(SOURCE MATERIAL)
= = = =

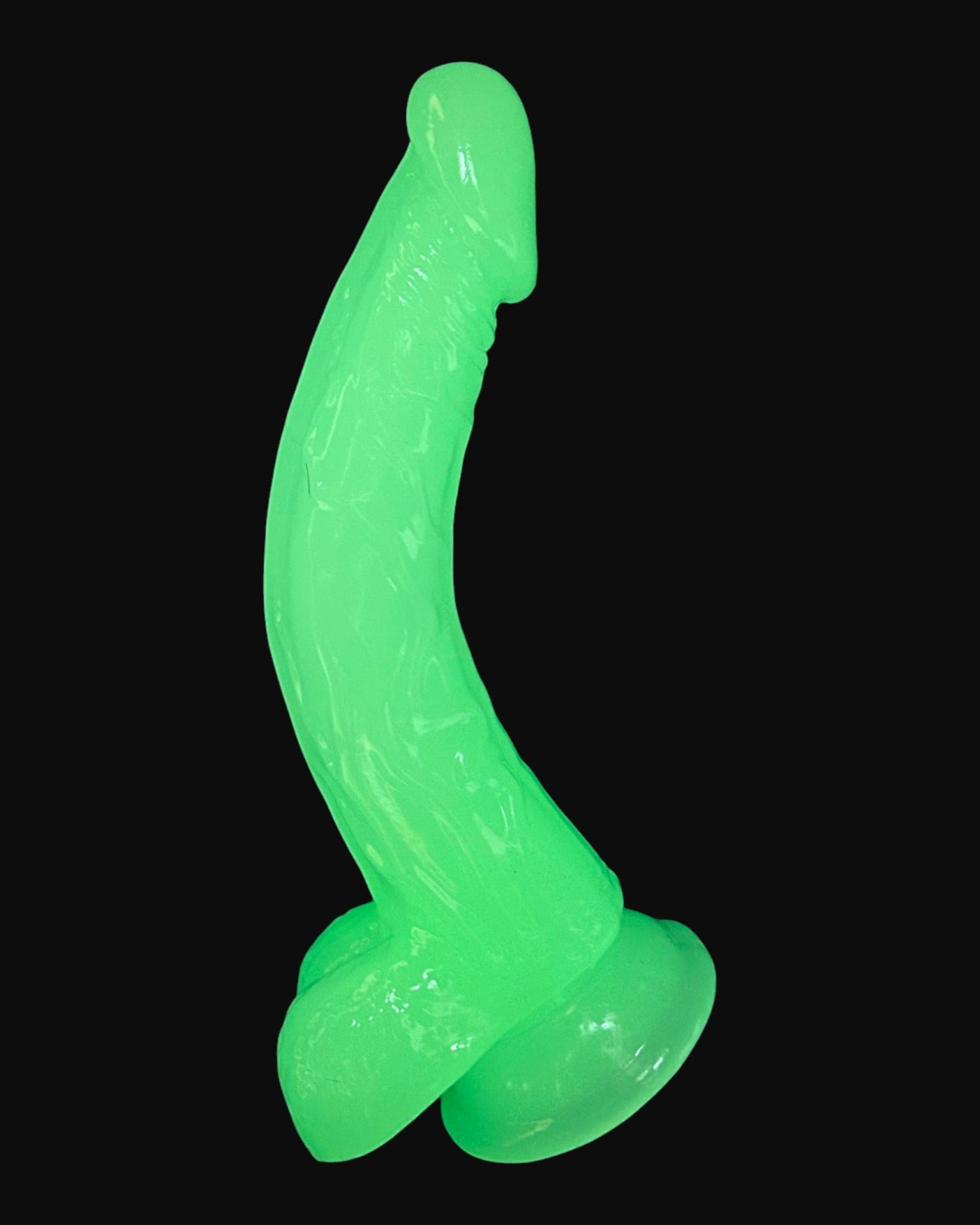 Dildo fluorescente Glow Rider con ventosa y forma curva, brilla en la oscuridad, marca Glow & Vibe.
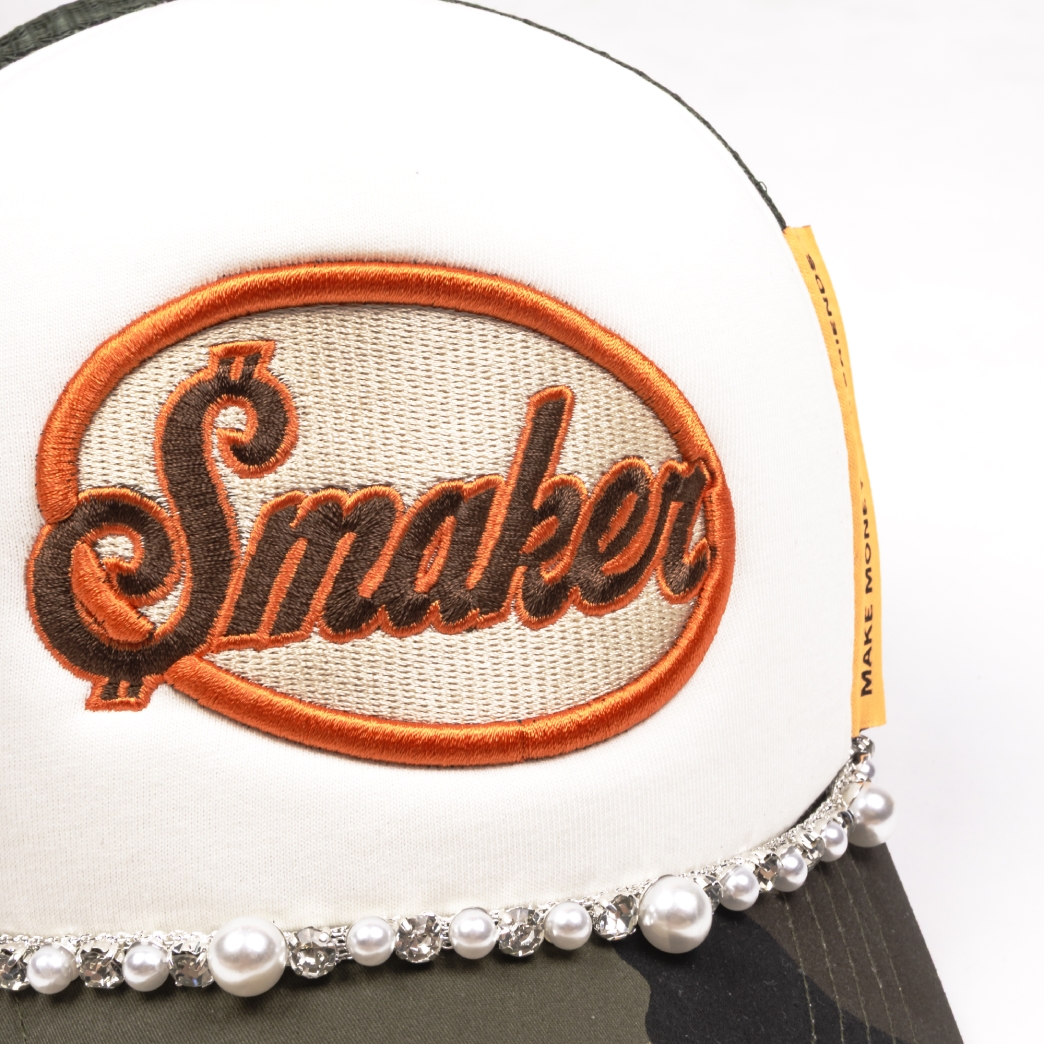$MAKER PEARL TRUCK HAT IN CAMO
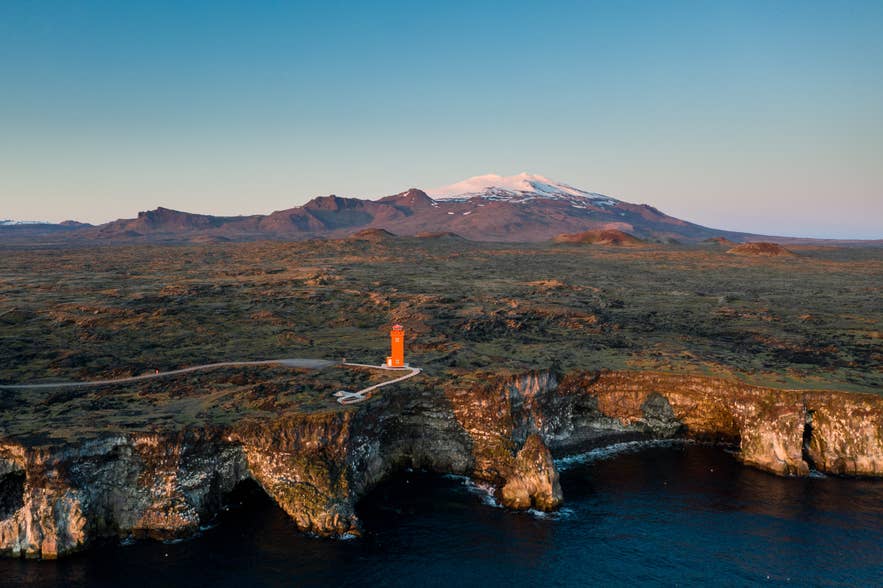 Orange Svortuloft Lighthouse on sea cliffs at the tip of Snaefellsnes, with Snaefellsjokull behind.
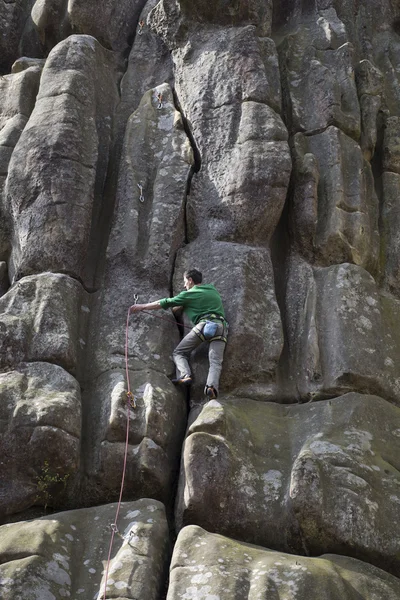 Giovane uomo sale su una scogliera con una corda . — Foto Stock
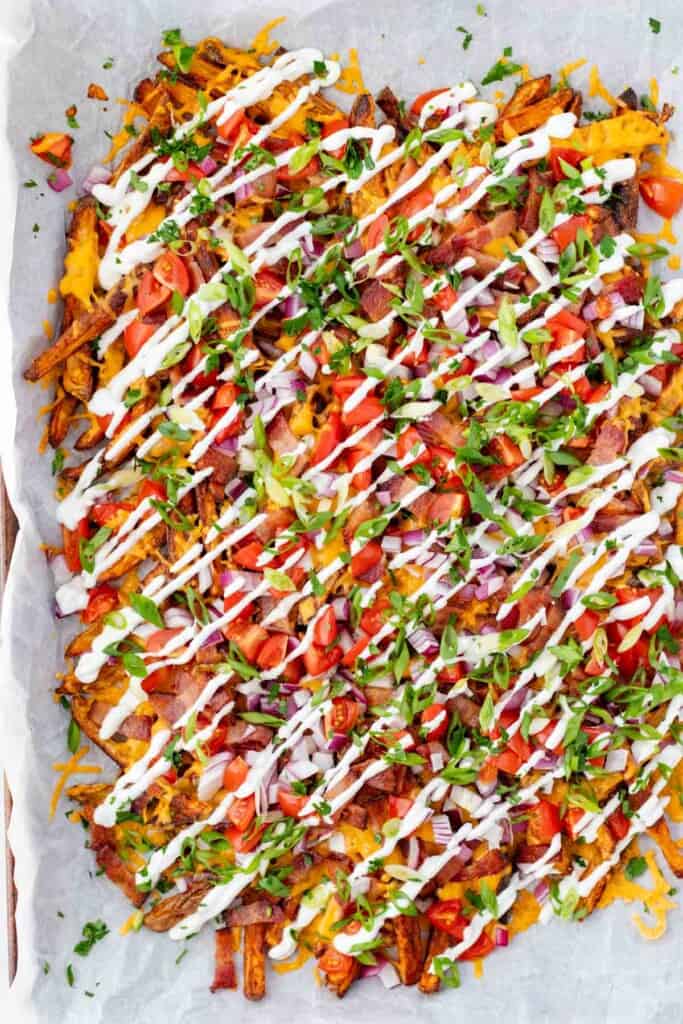 Adding a sour cream drizzle over top of the whole tray of loaded fries.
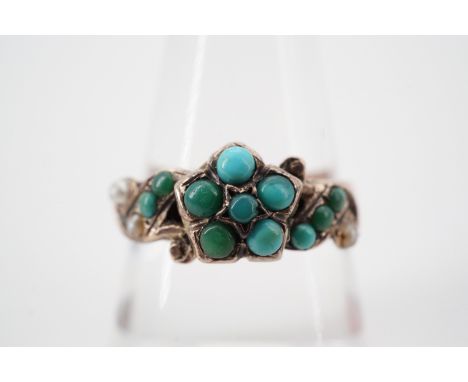 A Victorian turquoise, seed pearl and 9ct rose gold dress ring, with central flower head cluster and gem set scrolling should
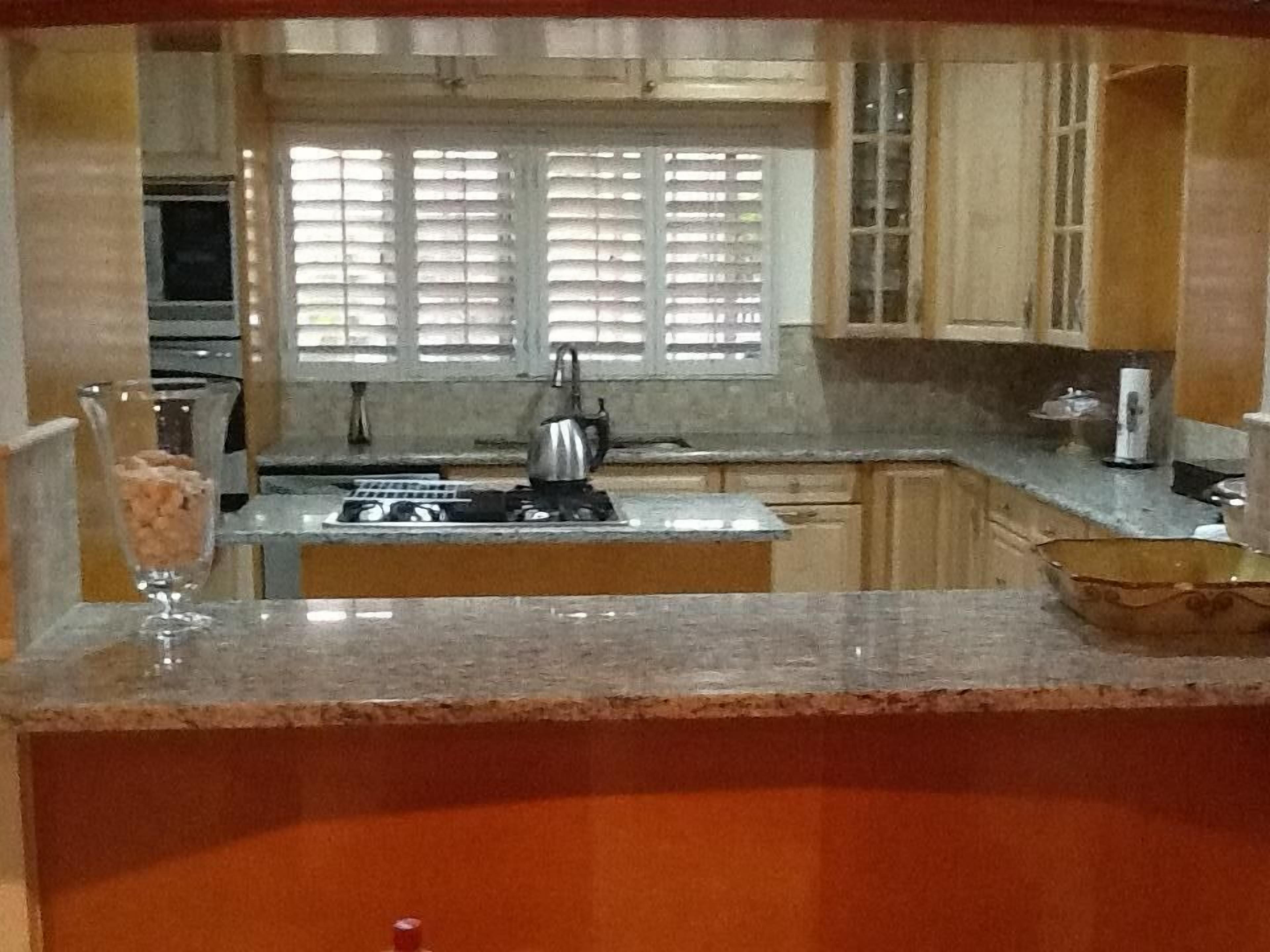 The kitchen with a gas cooktop and granite counters.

= = = =

(PROBLEM TO WORK ON) Each entry should be output word for word, with no pictures carried over.

(TASK ANSWER)
 Dildo fluorescente Glow Rider con ventosa y forma curva, brilla en la oscuridad, marca Glow & Vibe.
$MAKER PEARL TRUCK HAT IN CAMO
 Orange Svortuloft Lighthouse on sea cliffs at the tip of Snaefellsnes, with Snaefellsjokull behind.
 Giovane uomo sale su una scogliera con una corda . — Foto Stock
 Adding a sour cream drizzle over top of the whole tray of loaded fries.
 A Victorian turquoise, seed pearl and 9ct rose gold dress ring, with central flower head cluster and gem set scrolling should
 The kitchen with a gas cooktop and granite counters.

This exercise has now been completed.